As much as anything, this is a story of hubris leading to destruction. What was once one of the greatest grasslands in the world was stripped first of its bison, and then of its grass. As wartime shortages (and government support) made wheat prices rise, more and more “nesters” raced to the high plains to make their fortune. When wheat prices fell, desperate farmers stripped more and more of the grasslands to plant even more, and when the wheat market bottomed out, many of these farmers abandoned the land, leaving now-bare fields to blow away.
This story reminded me a lot of a story in Jared Diamond’s COLLAPSE, about the Scandinavian settlers in Greenland flaying the fields of sod, not realizing how fragile it was, and basically setting themselves on the path to inevitable starvation and ruin. The difference is that in this book, they are tied to stories of real people.

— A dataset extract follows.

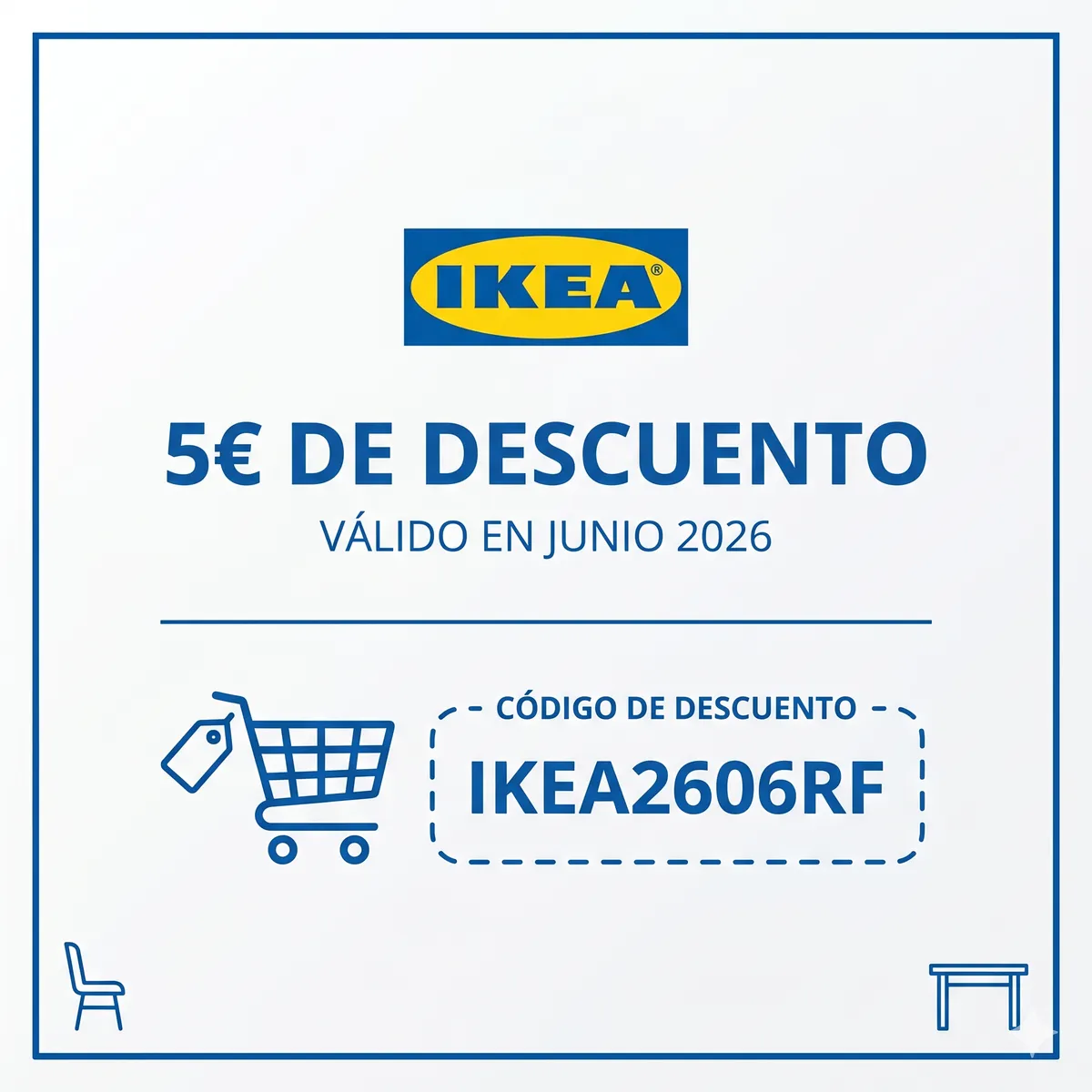 IKEA: Cupón de 5€ en compras superiores a 60€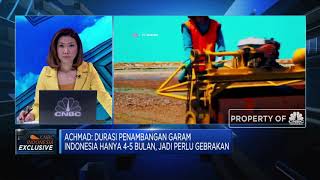 Produktivitas Tambak Dibawah 100 ton/Ha, Tantangan Industri Garam RI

I don’t really recommend the audiobook from audible. Not because it was poorly performed, but because this is a book that cries out for photographs. I ended up googling for them, because not being able to see the photos was driving me crazy.
One of the points brought about by this book, besides just that the 1930s sucked, was how many of the FDR new deal last-ditch save-the-farmer subsidies are still in place today. Egan mentions this briefly, near the end. I wanted to hear more about how the prairie was restored, or if it was, and what the ecological state of the grasslands was (because I hate unhappy endings) but this book isn’t about that. The only resolutions it gives were for the people depicted in the story.
I recommend this for people who care about history.